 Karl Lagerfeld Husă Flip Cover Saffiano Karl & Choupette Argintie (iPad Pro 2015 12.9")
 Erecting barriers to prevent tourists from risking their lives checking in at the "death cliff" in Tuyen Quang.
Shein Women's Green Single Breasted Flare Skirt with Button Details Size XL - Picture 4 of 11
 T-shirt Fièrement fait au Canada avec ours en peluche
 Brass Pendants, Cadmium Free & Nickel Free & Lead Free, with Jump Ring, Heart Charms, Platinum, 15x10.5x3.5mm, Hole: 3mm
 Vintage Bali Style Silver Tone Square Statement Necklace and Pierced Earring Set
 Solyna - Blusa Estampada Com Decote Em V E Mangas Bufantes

□ □ □

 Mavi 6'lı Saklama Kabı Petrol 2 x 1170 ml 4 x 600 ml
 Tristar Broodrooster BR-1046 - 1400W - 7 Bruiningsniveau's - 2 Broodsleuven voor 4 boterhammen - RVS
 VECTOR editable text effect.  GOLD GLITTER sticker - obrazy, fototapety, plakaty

□ □ □

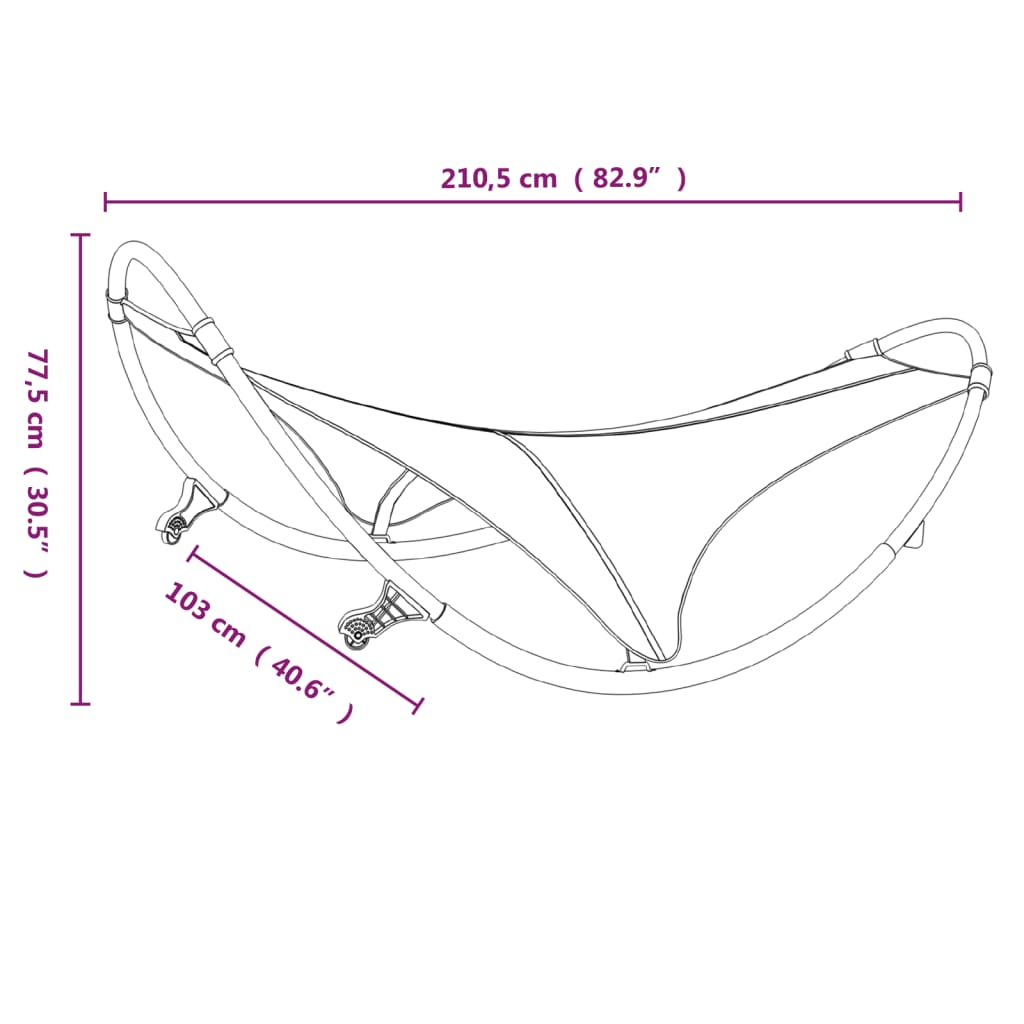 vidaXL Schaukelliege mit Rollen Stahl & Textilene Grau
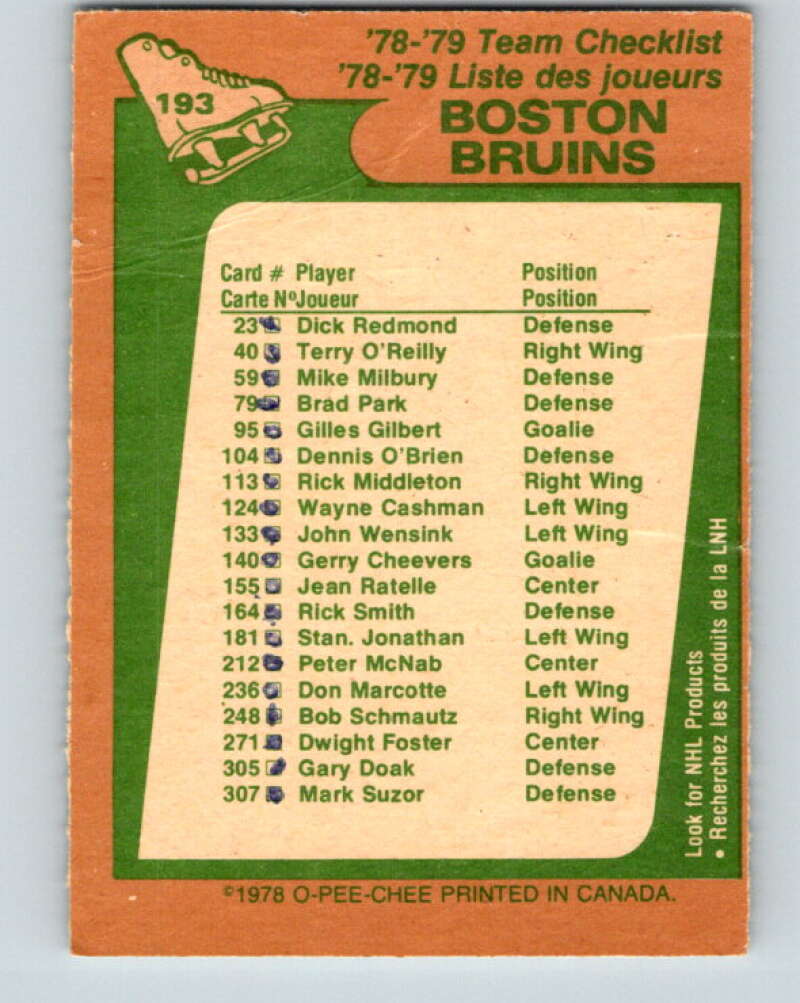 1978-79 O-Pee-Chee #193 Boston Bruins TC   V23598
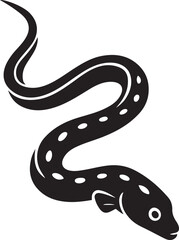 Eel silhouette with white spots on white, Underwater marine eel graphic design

□ □ □

> [What is needed] Only the lines above from the line containing "Karl Lagerfeld Husă" through the line containing "Brass Pendants, Cadmium" should be retyped, exactly and with both ends included.

> [Exercise output]
 Karl Lagerfeld Husă Flip Cover Saffiano Karl & Choupette Argintie (iPad Pro 2015 12.9")
 Erecting barriers to prevent tourists from risking their lives checking in at the "death cliff" in Tuyen Quang.
Shein Women's Green Single Breasted Flare Skirt with Button Details Size XL - Picture 4 of 11
 T-shirt Fièrement fait au Canada avec ours en peluche
 Brass Pendants, Cadmium Free & Nickel Free & Lead Free, with Jump Ring, Heart Charms, Platinum, 15x10.5x3.5mm, Hole: 3mm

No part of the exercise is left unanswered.